2. “More money”: Our desire for more stuff often causes us to feel that we need more money. For this reason, the average American actually works 47 hrs a week. The average used to be 40 and most jobs hire for this, but the average is now 47 hours. In addition to working harder to earn more money, we tend to spend more than we have. The average US household is $14,000 in debt, not including mortgage!
3. “Opportunities”: These may be for ourselves or for our children. There are more opportunities for us to take advantage of today than there ever have been. The problem is that these opportunities compete for the same time and resources that the five “rocks” above require of us. Do the rocks first, then consider the opportunities when it comes to deciding what to do with truly extra time and resources.
4. “Acquaintances”: don’t rob quality relationships to invest in a high quantity of casual relationships!!! We often keep casual relationships going because it is too awkward to end them. Some people don’t have good boundaries, and that may make things more difficult. But because we are finite, we have to say, “I am sorry, but I just can’t do more for/with you.” “I can’t be your best friend,” etc. We must not sacrifice “rock” relationships for “sand.” “Sand” is good but must be properly prioritized.

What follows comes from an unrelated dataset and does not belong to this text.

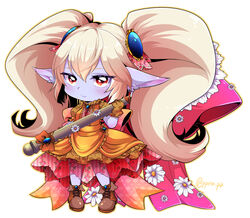  blue_skin blush boots brown_eyes closed_mouth colored_skin commentary_request dress female fewer_digits gloves hair_between_eyes holding holding_weapon league_of_legends long_hair looking_at_viewer otani_(kota12ro08) pointy_ears poppy_(league_of_legends) simple_background solo twitter_username unmoving_pattern weapon white_background yordle 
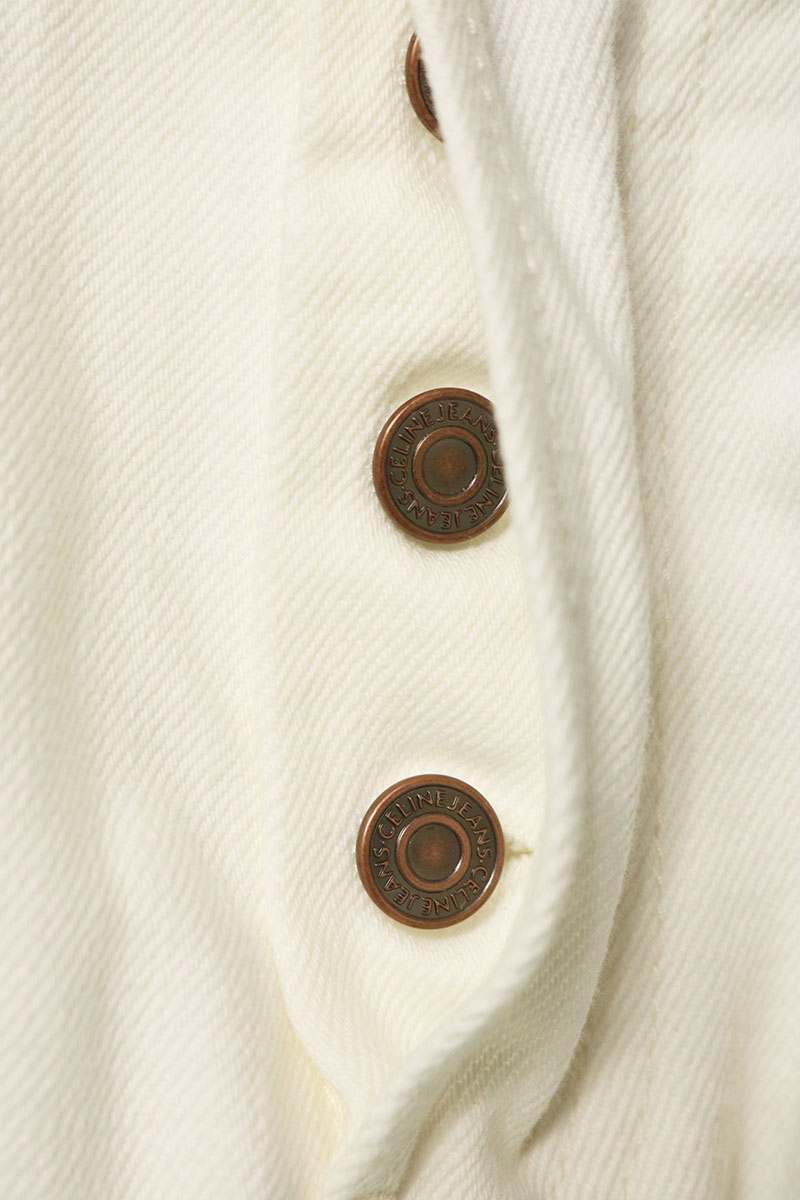 Celine White Button-Fly Straight Jeans Size 24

We can see that fragmentation is having a lot of unrelated tasks in unrelated places among unrelated people. Simplification is just the opposite. It is relating tasks, places and people together. Consolidate life in relationships and communities. Don’t try to run it alone. Greg described “the simplification principle” this way: “Don’t do alone what can be done with others. Think team, not solo.” Just some of the areas in which we might be able to do this include: work, shopping, taking breaks, fixing things, ministry. DON’T be too utilitarian! It might actually be more efficient to do it alone, but doing things together can support the “rocks” in your life, which is a higher priority than simply “efficiency.” Buying tools together with neighbors might not be the quickest way to get the job done, but you are doing positive building of various sorts when you do it this way. You are reinforcing community and interaction. You are building relationships that are close to the center. Greg also mentioned that starting a small group can be a way to simplify your life. At first it may seem to complicate things, and at first, it does. But over time, it can help to collapse some of the circles and have a small group as a context to build the “rock” relationships you really do need in your life. These things take time. It won’t be done by tomorrow, but over time, with dedication to prioritize and simplify, stress can be reduced, and the quality of your Christian life will increase.